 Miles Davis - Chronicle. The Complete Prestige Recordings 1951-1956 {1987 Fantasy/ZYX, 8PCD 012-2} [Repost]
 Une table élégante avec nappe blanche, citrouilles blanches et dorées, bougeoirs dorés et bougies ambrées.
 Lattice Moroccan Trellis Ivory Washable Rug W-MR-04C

...

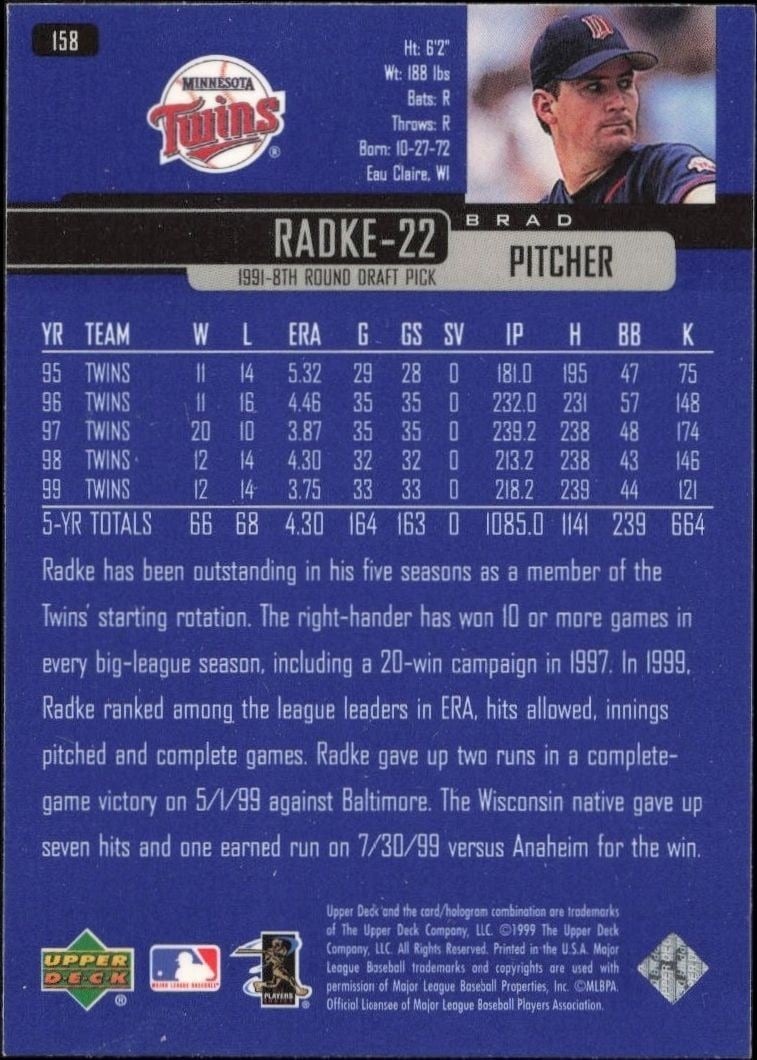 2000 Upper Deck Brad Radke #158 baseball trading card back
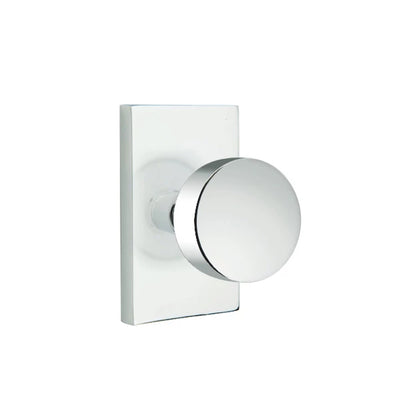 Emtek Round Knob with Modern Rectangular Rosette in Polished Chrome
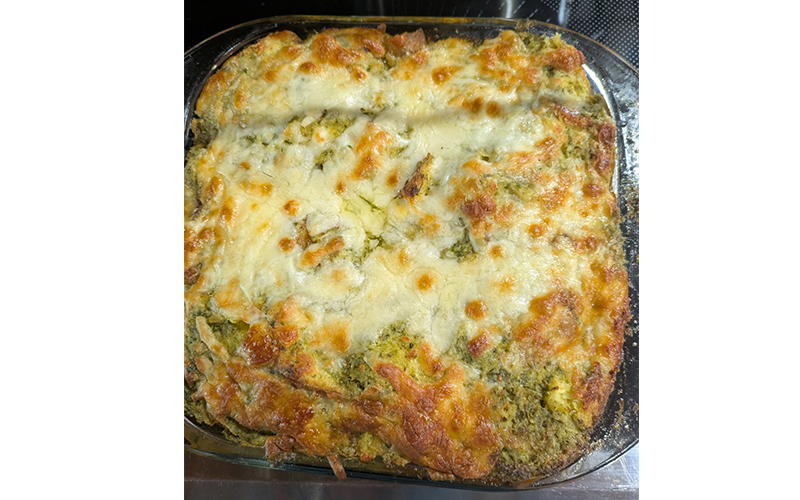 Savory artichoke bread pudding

--

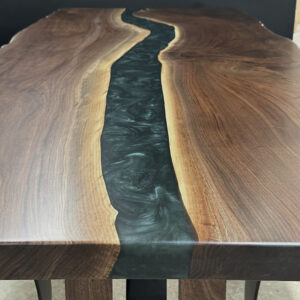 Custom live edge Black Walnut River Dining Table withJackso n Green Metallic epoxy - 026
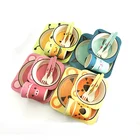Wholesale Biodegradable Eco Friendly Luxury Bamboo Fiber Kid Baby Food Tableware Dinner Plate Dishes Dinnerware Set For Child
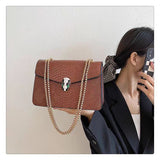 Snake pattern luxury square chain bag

• Problem description:
All lines above starting at the one with "2000 Upper Deck" and ending at the one with "Savory artichoke bread pudding", inclusive, are to be printed again exactly, with the pictures left out.

• Your solution:
 2000 Upper Deck Brad Radke #158 baseball trading card back
 Emtek Round Knob with Modern Rectangular Rosette in Polished Chrome
 Savory artichoke bread pudding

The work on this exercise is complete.